(England - 62 AD)

Sacred Place

Upon the death of her husband, King Prastugus, Boudicca and her two daughters were left half the kingdom, the other half, going by law under Roman occupation, to Nero. Co-ownership of a kingdom with a woman was not acceptable to the Romans who later seized and brutally flogged Boudicca and then forced her to witness the public rape of her two young daughters.

Summoning all the available men and women of the Iceni, Trinovantes, and Calavellauni under her banner, Boudicca led a vast and cumbersome army against the Romans capturing Colchester, London, and St. Albans. Suetonius, the Roman governor, faced Boudicca's vast army (reportedly 80,000 to 100,000). Suetonius had the lesser troops but slayed all 80,000 of Boudicca's less disciplined army. In the end, it was the slender spears and chariots of Boudicca's army which proved no match for the short swords of the Roman army in a vicious hand-to-hand battle.

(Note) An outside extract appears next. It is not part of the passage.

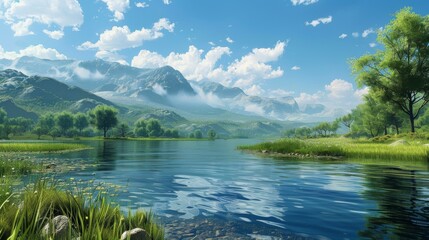 Poster - Tranquil mountain lake in a valley with green meadows and blue sky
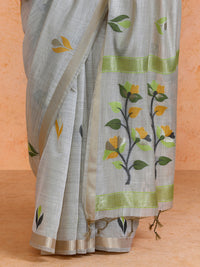 Rithika Cotton in Beige with Green Motifs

Boudicca managed to escape, however, knowing there would be no hope of clemency after the horrible atrocities inflicted by her army, she ended her life among the mystical columns of Stonehenge. "Heaven take my soul and England keep my bones."


1. Candle - represents the sacrifice of souls. As it spends itself, it is a light in the darkness of life. Also the uncertainty of life, easily extinguished.

2. Stars - represent the undying soul, a continuation of the candle flame eternally.

3. The Spear - in battle was considered the long Arm of God.

4. The tall upright stones of Stonehenge - represent the supreme support of the universe. They are the omphalos, a fixed point where man can regain paradise. A sacred place. The cromlech usually symbolizes the womb.

5. Weapons and booty - The celts dedicated a portion of their booty to the gods -- sometimes buried in a mound or in standing water.